▶ _Data section_
--- START ---

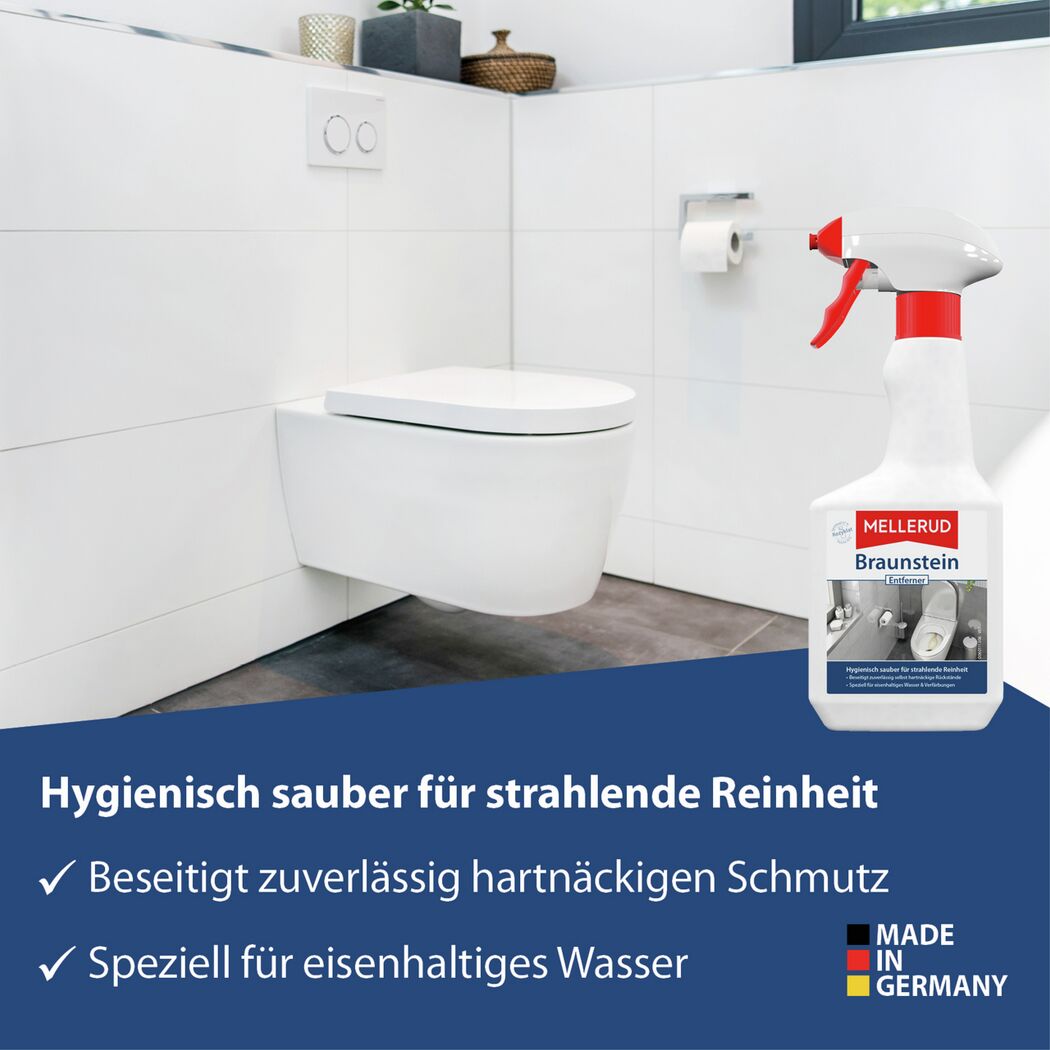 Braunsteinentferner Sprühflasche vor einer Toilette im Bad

--- END ---
--- START ---

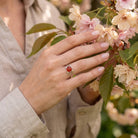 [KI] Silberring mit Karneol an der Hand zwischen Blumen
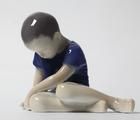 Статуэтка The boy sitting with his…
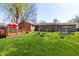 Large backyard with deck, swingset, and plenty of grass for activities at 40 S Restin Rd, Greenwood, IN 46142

--- END ---
--- START ---

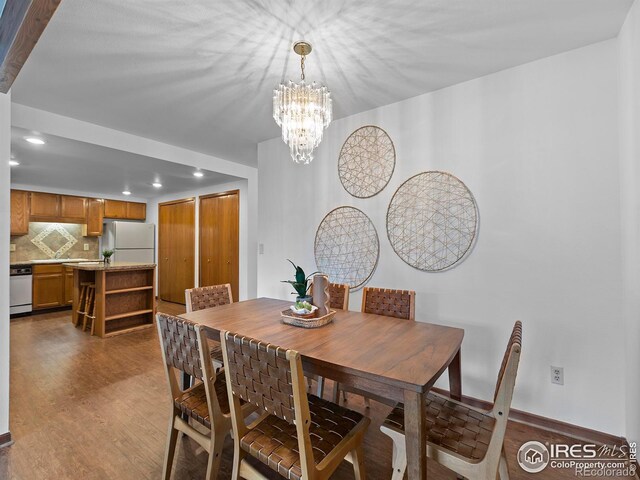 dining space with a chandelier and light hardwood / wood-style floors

--- END ---

▶ _About this task_
Copy only what runs above from the line containing "Статуэтка The boy sitting with his…" through the line containing "Large backyard with", exactly. Leave out the pictures.

▶ _Your solution_
 Статуэтка The boy sitting with his…
 Large backyard with deck, swingset, and plenty of grass for activities at 40 S Restin Rd, Greenwood, IN 46142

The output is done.